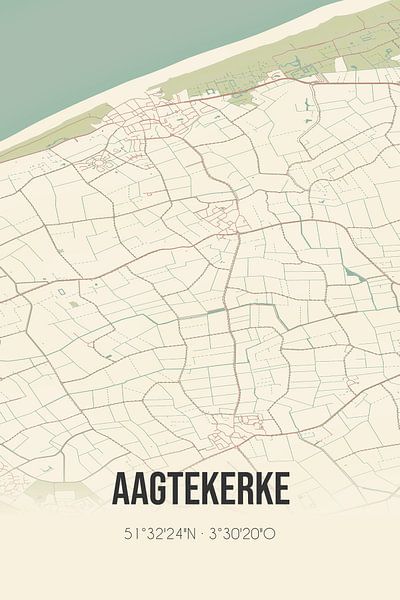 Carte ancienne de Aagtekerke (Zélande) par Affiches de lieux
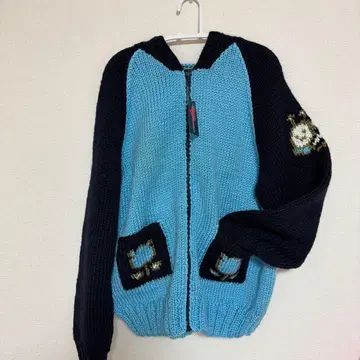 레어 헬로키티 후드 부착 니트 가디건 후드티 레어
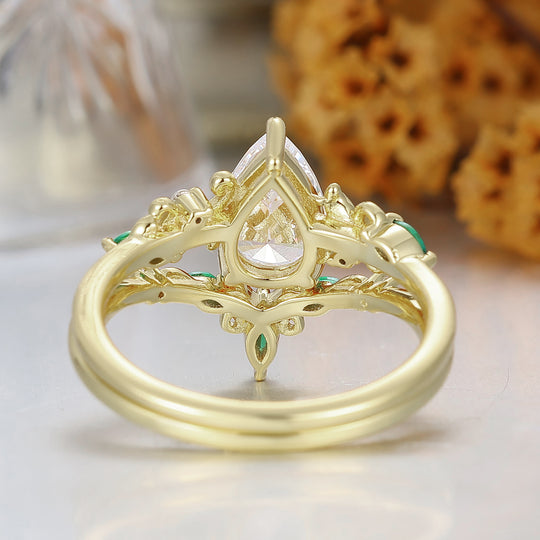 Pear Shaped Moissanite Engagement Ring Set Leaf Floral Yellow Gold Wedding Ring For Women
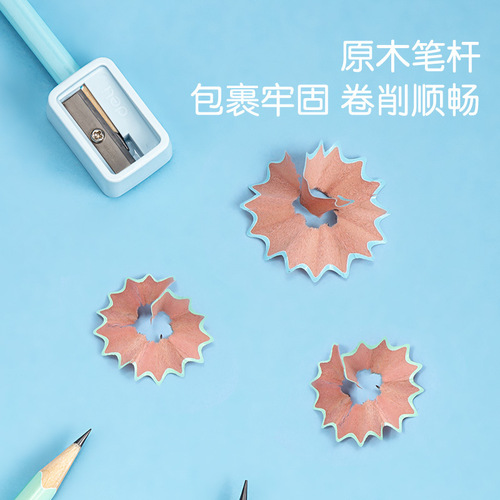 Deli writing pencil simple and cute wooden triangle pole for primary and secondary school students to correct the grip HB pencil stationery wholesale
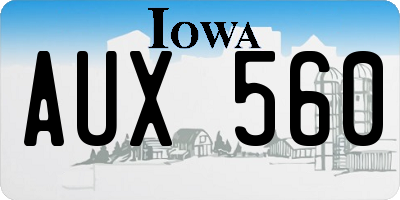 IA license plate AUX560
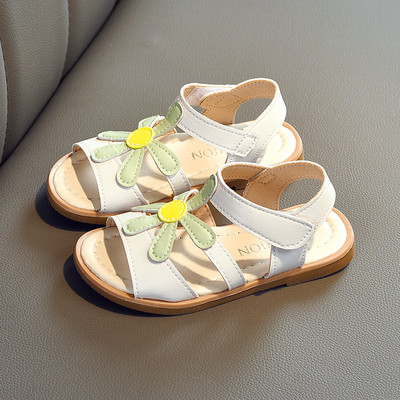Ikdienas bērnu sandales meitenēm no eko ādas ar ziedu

* * *

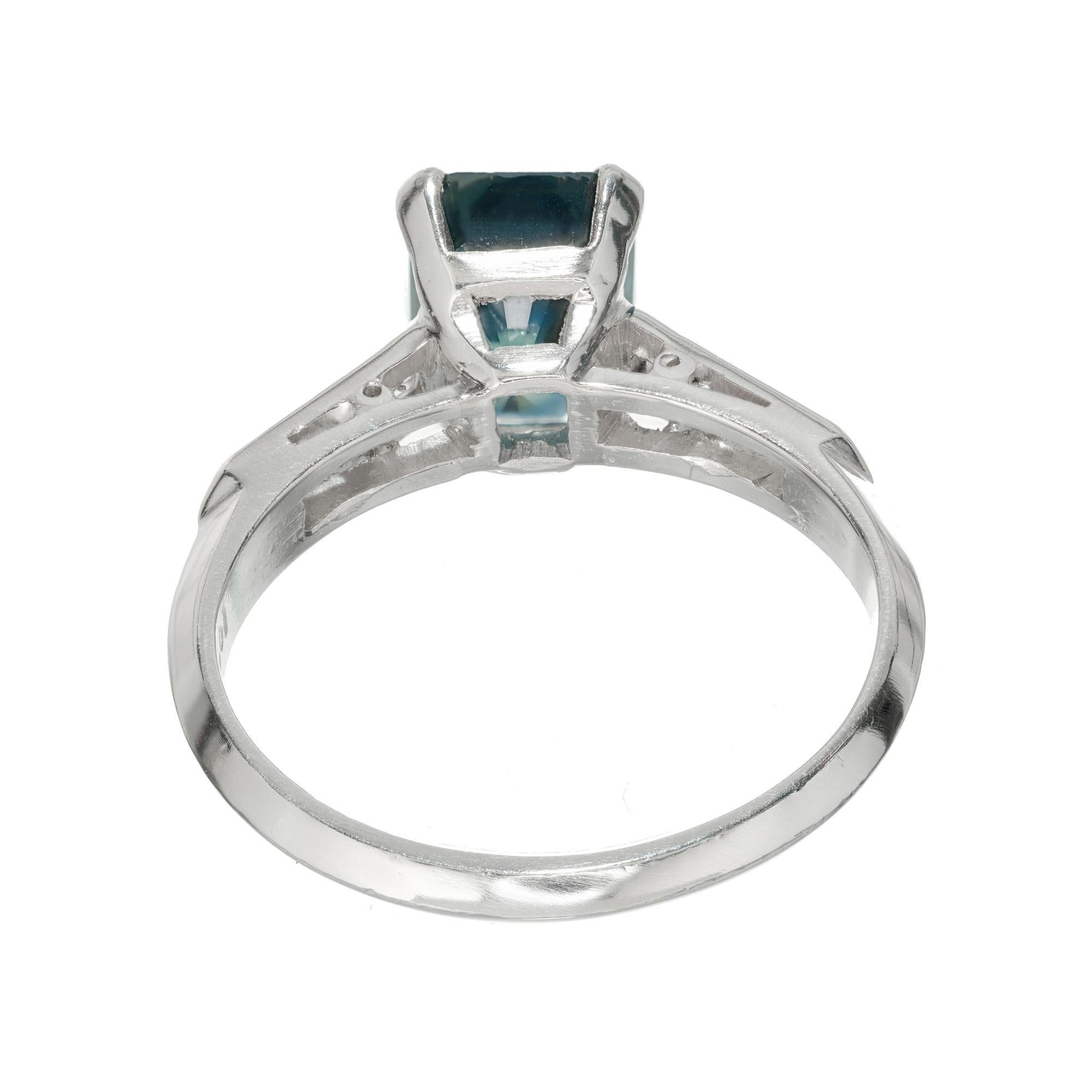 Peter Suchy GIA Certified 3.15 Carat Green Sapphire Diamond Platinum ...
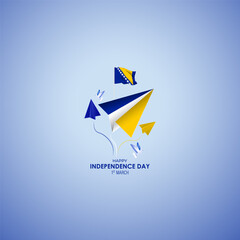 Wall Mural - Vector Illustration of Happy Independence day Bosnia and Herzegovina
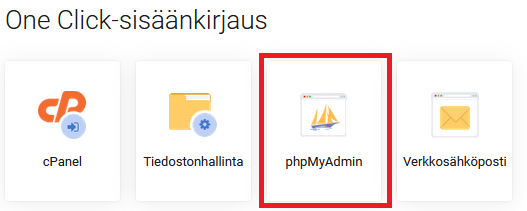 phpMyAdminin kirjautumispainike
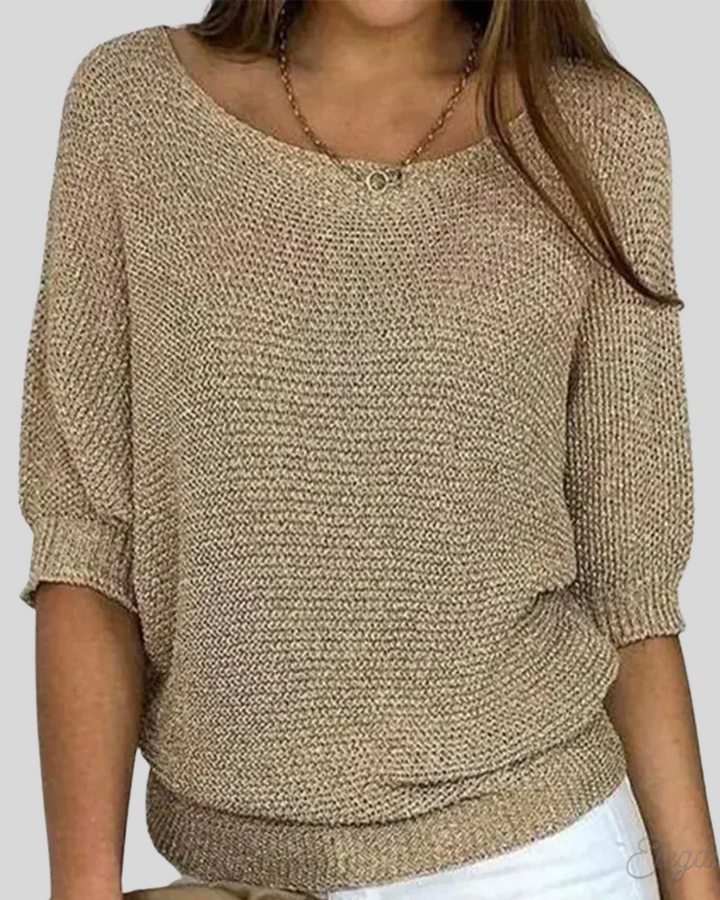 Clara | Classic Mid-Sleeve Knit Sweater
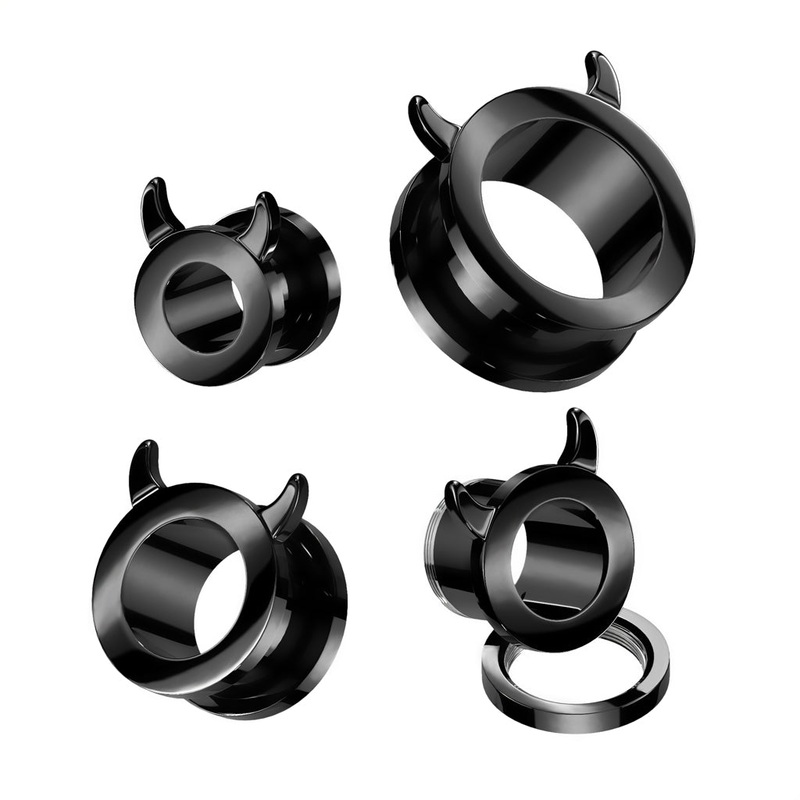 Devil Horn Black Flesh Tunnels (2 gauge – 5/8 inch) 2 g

* * *

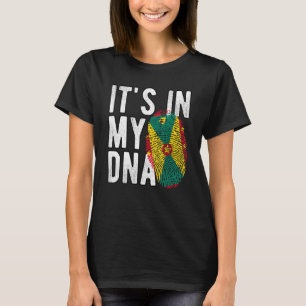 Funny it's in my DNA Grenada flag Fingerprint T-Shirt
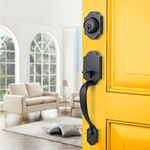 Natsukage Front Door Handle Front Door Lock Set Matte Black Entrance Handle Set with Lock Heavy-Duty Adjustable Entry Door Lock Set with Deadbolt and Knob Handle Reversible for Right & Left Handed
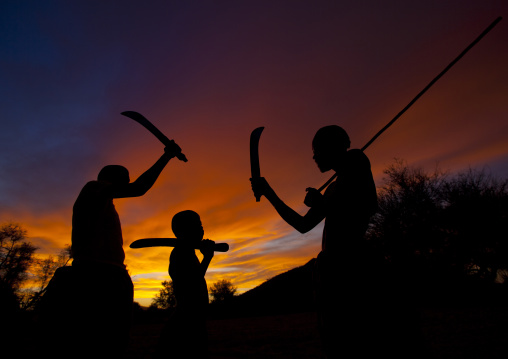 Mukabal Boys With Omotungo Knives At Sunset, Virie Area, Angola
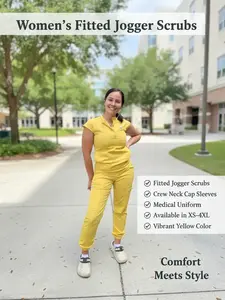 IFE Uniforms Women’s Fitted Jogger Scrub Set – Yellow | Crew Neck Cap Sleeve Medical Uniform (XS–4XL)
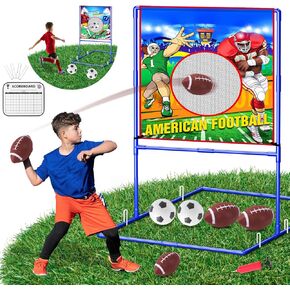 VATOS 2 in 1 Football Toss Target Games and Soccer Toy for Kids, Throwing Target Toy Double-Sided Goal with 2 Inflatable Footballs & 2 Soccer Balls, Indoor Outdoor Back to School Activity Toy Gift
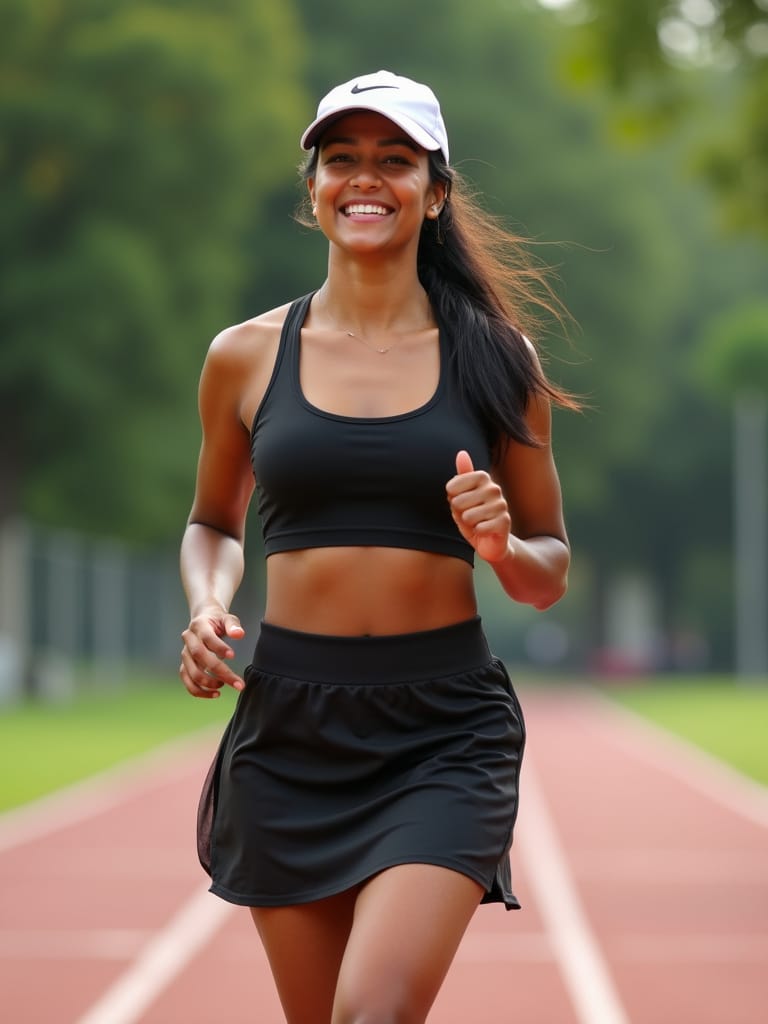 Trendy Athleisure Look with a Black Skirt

- **Work instructions**: Nothing but the lines above from the line with "phpMyAdminin kirjautumispainike" up to and including the line with "Devil Horn Black" should be returned, exactly as written and without pictures.

- **Solution**:
 phpMyAdminin kirjautumispainike
 Clara | Classic Mid-Sleeve Knit Sweater
 Devil Horn Black Flesh Tunnels (2 gauge – 5/8 inch) 2 g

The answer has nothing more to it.